「Sake から観光立国」を夢見て20年!酒蔵ツーリズムの第一人者が見据える酒蔵ツーリズムの将来とは

コロナショックから世界全体が立ち直り、世界中に人々の往来が戻ってきた今、インバウンドニーズで注目される「酒蔵ツーリズム」。

それでも、経験のなさから一歩踏み出せない蔵元さんもいる中で、「酒蔵ツーリズム」の将来像はどうなるのか、羅針盤がほしいと思っている蔵元さんも多いのではないでしょうか。

そこで、元JALの国際線CAで、「SAKEから観光立国」「日本酒を世界の酒にして日本酒の価値を上げていく」を謳い、日本酒蔵ツーリズム推進協議会(日本観光振興協会)常任理事も務める日本酒業界の革命児、株式会社アンカーマン顧問・平出淑恵氏(以下、「平出顧問」)に酒蔵ツーリズムの過去・現在・未来を語っていただき、酒蔵ツーリズムのあるべき未来像を探っていきたいと思います。
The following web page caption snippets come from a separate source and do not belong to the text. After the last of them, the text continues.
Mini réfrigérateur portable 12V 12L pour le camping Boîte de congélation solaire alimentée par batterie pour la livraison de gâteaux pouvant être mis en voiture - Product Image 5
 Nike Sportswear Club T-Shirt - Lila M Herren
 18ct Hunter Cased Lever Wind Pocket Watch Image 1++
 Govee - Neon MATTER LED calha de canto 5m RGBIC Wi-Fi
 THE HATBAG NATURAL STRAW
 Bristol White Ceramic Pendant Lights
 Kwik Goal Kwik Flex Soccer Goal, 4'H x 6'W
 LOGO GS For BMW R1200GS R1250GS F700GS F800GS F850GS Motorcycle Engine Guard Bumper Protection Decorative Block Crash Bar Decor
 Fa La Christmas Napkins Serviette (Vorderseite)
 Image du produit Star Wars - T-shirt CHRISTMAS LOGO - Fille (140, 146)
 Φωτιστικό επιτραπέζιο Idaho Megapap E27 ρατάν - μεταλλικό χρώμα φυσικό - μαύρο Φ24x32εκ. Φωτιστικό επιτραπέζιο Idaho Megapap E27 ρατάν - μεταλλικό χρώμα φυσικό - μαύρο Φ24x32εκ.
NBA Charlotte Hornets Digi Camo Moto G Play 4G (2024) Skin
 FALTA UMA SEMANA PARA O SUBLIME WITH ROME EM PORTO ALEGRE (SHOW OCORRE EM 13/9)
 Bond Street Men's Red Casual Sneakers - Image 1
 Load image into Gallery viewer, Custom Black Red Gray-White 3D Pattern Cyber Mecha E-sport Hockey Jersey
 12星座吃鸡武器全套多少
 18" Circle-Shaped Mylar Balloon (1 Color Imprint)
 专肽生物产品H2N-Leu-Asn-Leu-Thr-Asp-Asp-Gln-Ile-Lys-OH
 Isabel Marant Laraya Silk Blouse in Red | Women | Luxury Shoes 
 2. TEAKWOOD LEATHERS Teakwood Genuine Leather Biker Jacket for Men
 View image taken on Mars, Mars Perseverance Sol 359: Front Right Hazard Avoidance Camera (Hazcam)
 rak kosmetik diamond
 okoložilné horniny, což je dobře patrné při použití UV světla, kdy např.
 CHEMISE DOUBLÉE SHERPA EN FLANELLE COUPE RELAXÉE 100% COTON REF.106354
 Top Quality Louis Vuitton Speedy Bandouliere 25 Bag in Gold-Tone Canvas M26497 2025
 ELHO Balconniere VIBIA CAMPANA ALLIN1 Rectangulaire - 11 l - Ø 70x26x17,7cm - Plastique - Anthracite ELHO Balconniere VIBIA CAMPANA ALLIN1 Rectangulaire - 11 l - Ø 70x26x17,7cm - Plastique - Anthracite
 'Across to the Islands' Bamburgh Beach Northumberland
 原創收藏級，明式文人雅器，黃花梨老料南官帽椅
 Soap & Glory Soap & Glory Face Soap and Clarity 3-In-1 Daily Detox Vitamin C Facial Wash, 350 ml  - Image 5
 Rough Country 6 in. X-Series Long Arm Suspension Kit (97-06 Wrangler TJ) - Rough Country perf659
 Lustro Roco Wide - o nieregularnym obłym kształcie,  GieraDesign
<聞き手:株式会社アンカーマンコンサルタント・大木田寛太(以下、「大木田」)>

酒蔵ツーリズム、今こそ変革のとき!

大木田

「Sake から観光立国」の手段の一つが、日本酒蔵ツーリズム推進協議会かと思います。コロナ前の平成28年頃から平出さんは酒蔵ツーリズムを推進されていらっしゃいました。当時、創業間もないアンカーマンの代表和田との出会いも酒蔵ツーリズムでしたね。当時の思い出話をお聞かせください。

平出顧問

そうですね。和田代表とは、「インバウンド向けの観光・日本酒」関連のセミナーで何度かご一緒したのがご縁ですね。日本酒業界に証券出身の金融関係の方が飛び込んできてくれてうれしくもありました。

私が「酒蔵ツーリズム」を提唱しはじめた20年前は、「『観光蔵』の地位が低い」と言われていた時代。

これからは、「酒蔵ツーリズムの可能性やイメージを変えていく」「皆さんが理想的な酒蔵ツーリズムを作っていく当事者である」ということを伝えたいんですよね。

黒龍酒造さんのESHIKOTO(えしこと)のように、既に乗り出している蔵もあり、「『観光蔵』は地位が低い」という考え方は変わってきています。

酒蔵ツーリズムのターゲットにしているインバウンド客たちは、海外のワイナリーツーリズムの経験がある人たち。蔵元さん自身が海外のワイナリーツーリズムを経験して、「どういうことが高く評価されているのか」「何を付加価値として感じるのか」など、知見を広げて、参考にしてもらいたいですね。

「日本酒の蔵にとってはどういうおもてなしのスタイルが最適なのか」という理想型をこれから作っていくタイミングだと思います。

大木田

昔の『観光蔵』の悪いイメージというのは具体的にどういった状況だったのですか?

平出顧問

「お酒が評価されているわけではなく、観光で稼いでるのでしょ?」といったイメージが先行して、私が「酒蔵ツーリズム」を提唱すると、「うちはそういう蔵じゃありませんから…」と言われてしまうような風潮でしたね。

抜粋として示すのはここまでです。